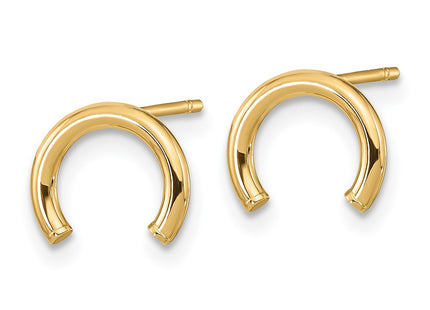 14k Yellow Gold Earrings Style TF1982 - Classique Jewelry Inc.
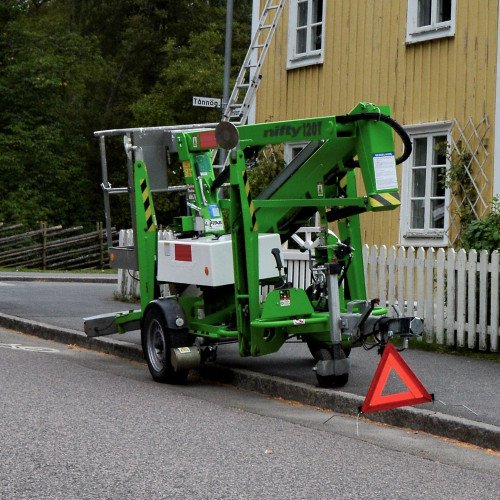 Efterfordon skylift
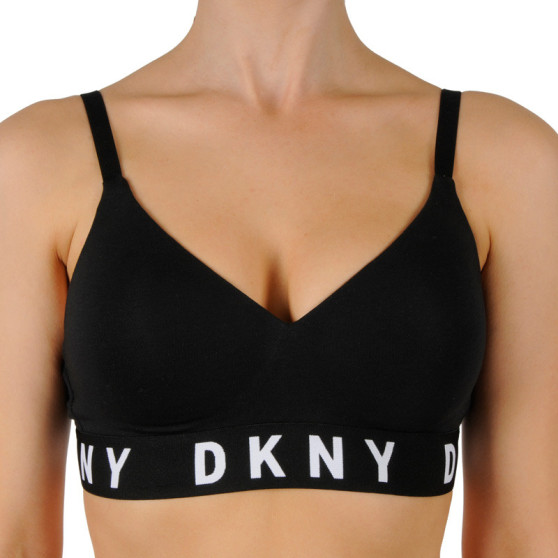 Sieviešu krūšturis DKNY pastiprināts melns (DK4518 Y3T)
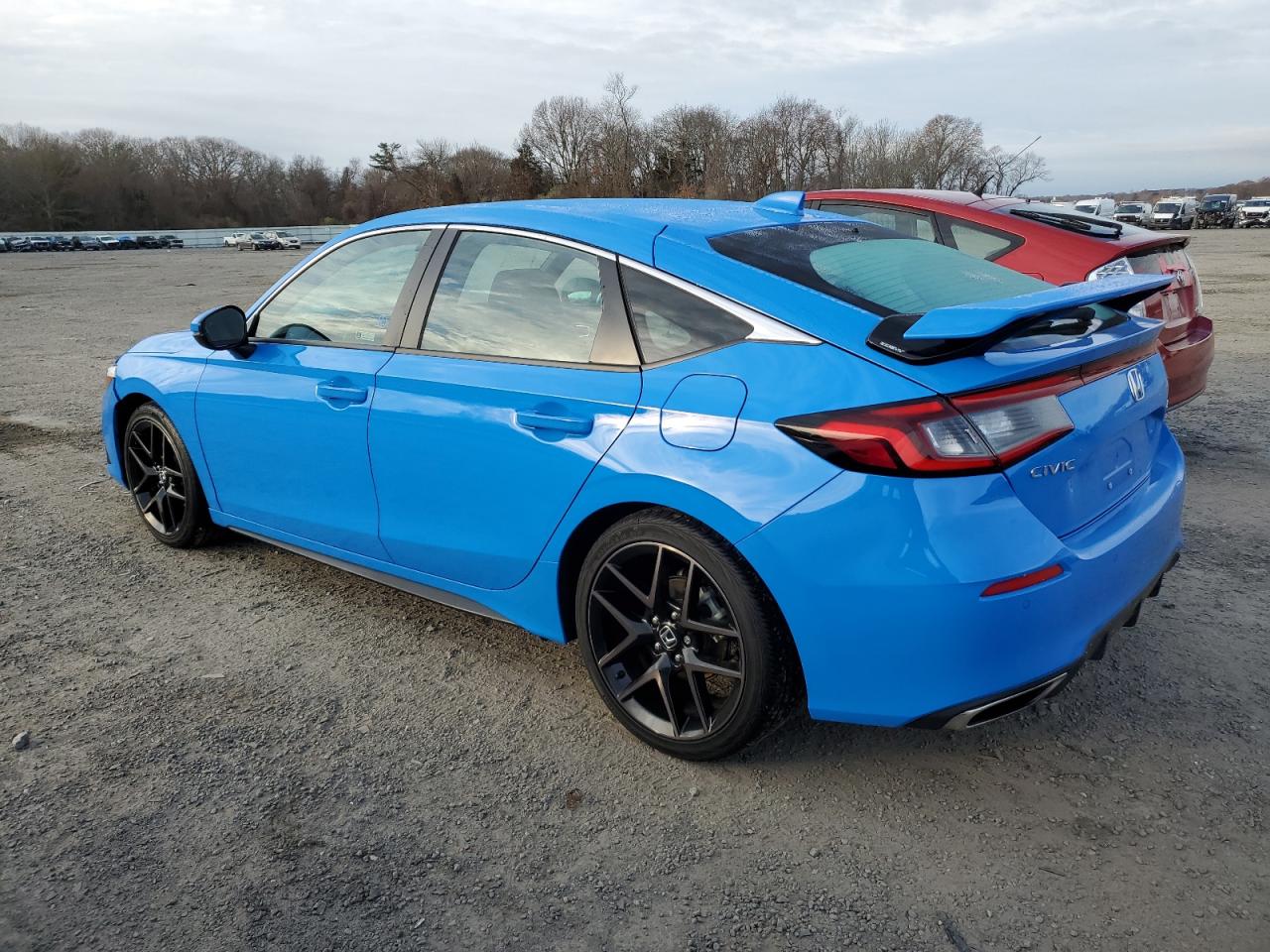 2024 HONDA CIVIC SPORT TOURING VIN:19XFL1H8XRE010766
- - -
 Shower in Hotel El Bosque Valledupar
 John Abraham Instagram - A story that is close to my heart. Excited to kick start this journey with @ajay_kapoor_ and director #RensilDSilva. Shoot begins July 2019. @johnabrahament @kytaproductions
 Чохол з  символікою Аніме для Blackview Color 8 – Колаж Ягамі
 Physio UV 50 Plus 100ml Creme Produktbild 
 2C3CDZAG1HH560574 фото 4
- - -
Above are the entries. Copy exactly the part that opens with the line containing "8 – Колаж Ягамі" and closes with the line containing "2C3CDZAG1HH560574 фото 4", and no more.

= FINISHED EXERCISE =
 Чохол з  символікою Аніме для Blackview Color 8 – Колаж Ягамі
 Physio UV 50 Plus 100ml Creme Produktbild 
 2C3CDZAG1HH560574 фото 4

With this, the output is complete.